_DATASET RECORDS_:
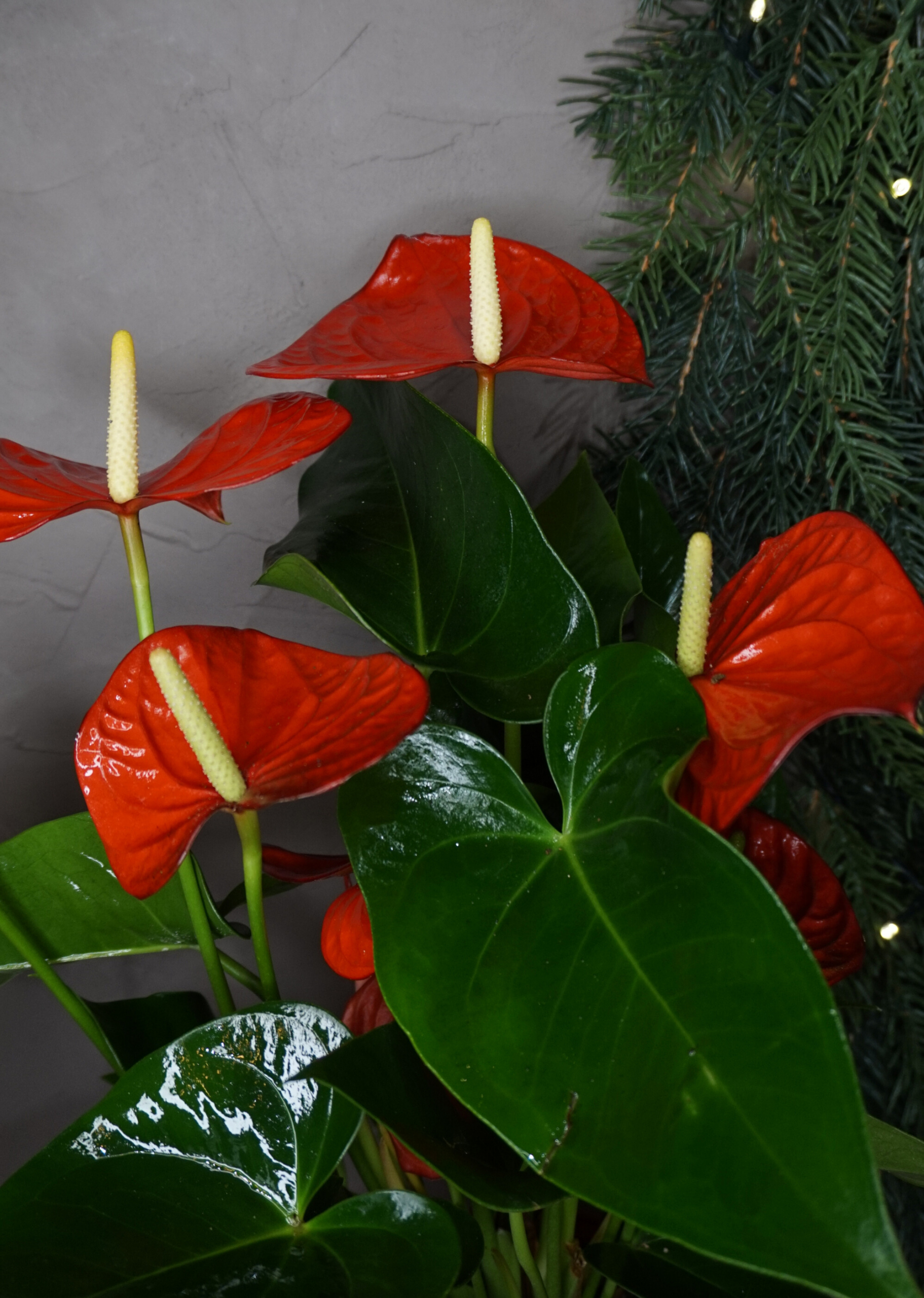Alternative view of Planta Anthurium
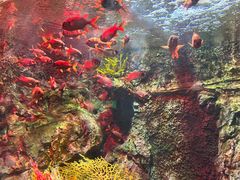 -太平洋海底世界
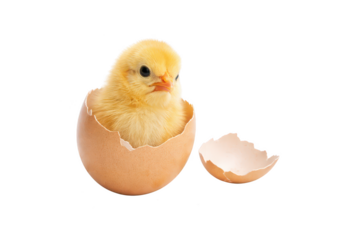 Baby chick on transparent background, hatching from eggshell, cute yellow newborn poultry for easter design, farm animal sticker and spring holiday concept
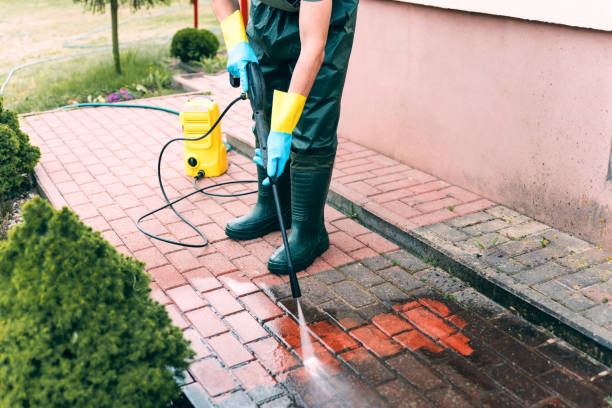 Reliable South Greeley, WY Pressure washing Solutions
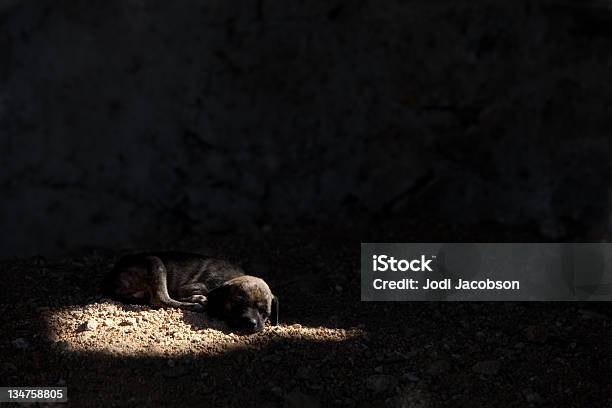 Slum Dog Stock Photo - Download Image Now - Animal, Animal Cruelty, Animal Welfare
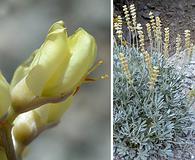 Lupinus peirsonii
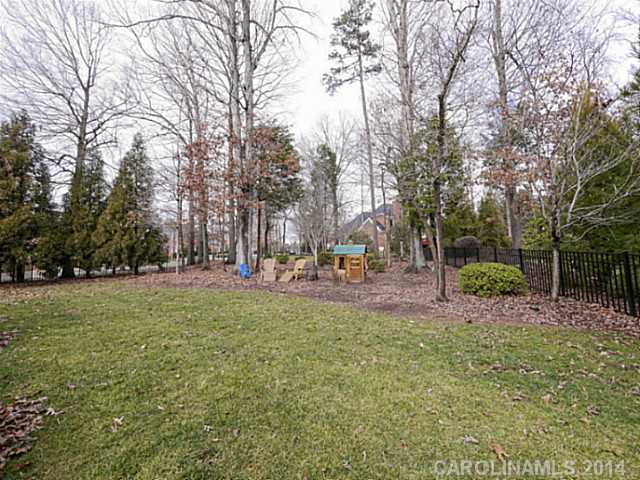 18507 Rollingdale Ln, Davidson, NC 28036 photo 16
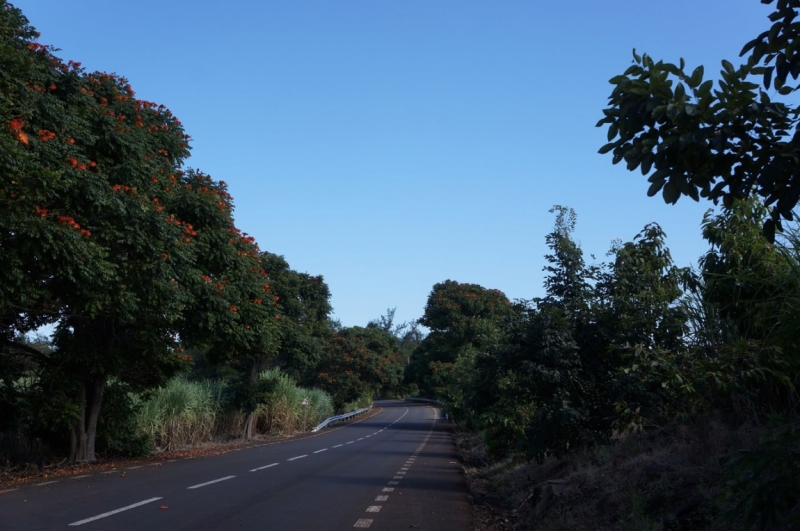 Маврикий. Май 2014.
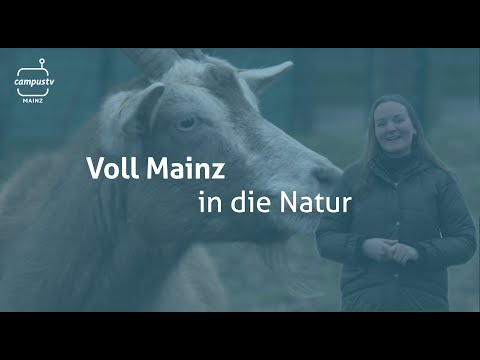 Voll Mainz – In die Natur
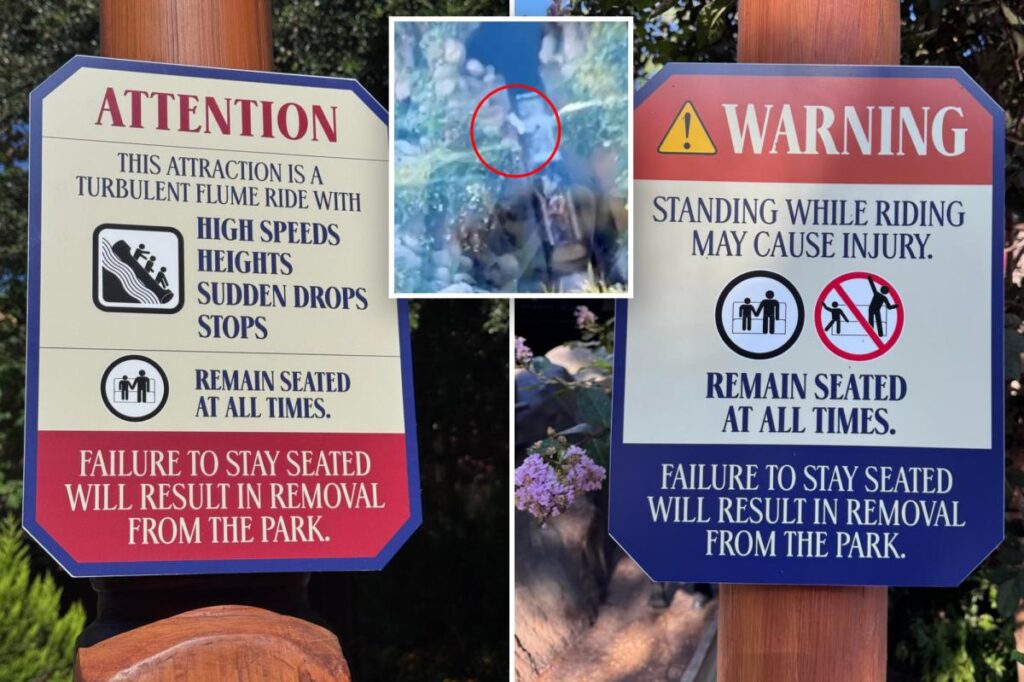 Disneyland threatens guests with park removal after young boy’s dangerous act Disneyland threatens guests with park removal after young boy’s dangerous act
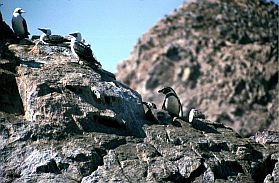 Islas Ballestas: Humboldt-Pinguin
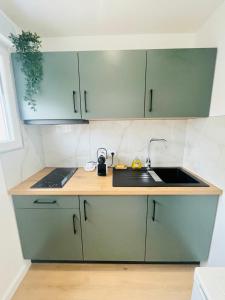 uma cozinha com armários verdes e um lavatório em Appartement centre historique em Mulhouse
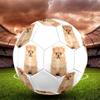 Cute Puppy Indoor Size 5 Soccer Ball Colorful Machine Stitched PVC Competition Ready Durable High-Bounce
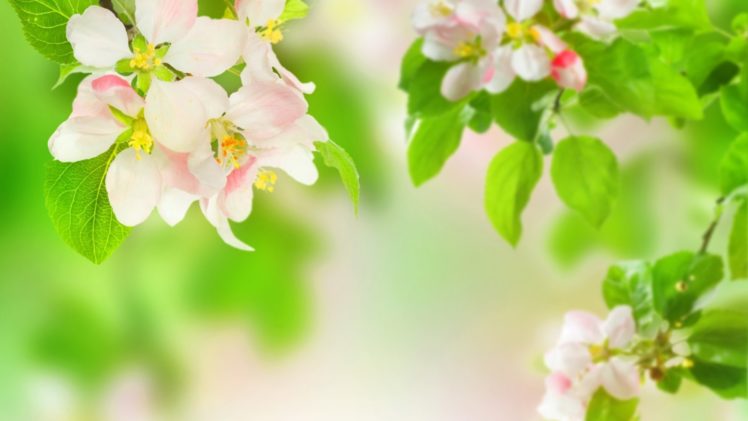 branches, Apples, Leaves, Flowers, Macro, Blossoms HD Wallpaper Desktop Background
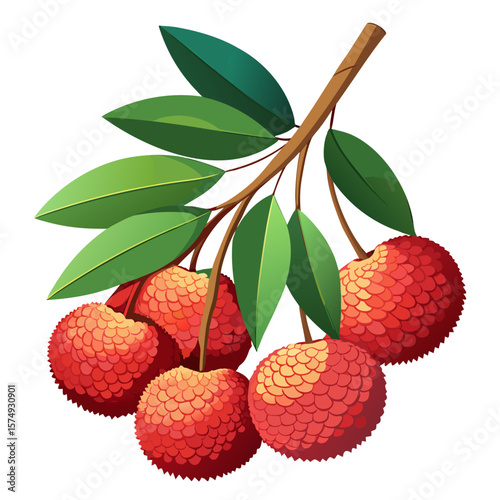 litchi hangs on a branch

_TRY IT_: Set the entries down again exactly. Do not include the images.

_RESPONSE TO THE TASK_:
Alternative view of Planta Anthurium
 -太平洋海底世界
 Baby chick on transparent background, hatching from eggshell, cute yellow newborn poultry for easter design, farm animal sticker and spring holiday concept
 Reliable South Greeley, WY Pressure washing Solutions
 Slum Dog Stock Photo - Download Image Now - Animal, Animal Cruelty, Animal Welfare
 Lupinus peirsonii
 18507 Rollingdale Ln, Davidson, NC 28036 photo 16
 Маврикий. Май 2014.
 Voll Mainz – In die Natur
 Disneyland threatens guests with park removal after young boy’s dangerous act Disneyland threatens guests with park removal after young boy’s dangerous act
 Islas Ballestas: Humboldt-Pinguin
 uma cozinha com armários verdes e um lavatório em Appartement centre historique em Mulhouse
 Cute Puppy Indoor Size 5 Soccer Ball Colorful Machine Stitched PVC Competition Ready Durable High-Bounce
 branches, Apples, Leaves, Flowers, Macro, Blossoms HD Wallpaper Desktop Background
 litchi hangs on a branch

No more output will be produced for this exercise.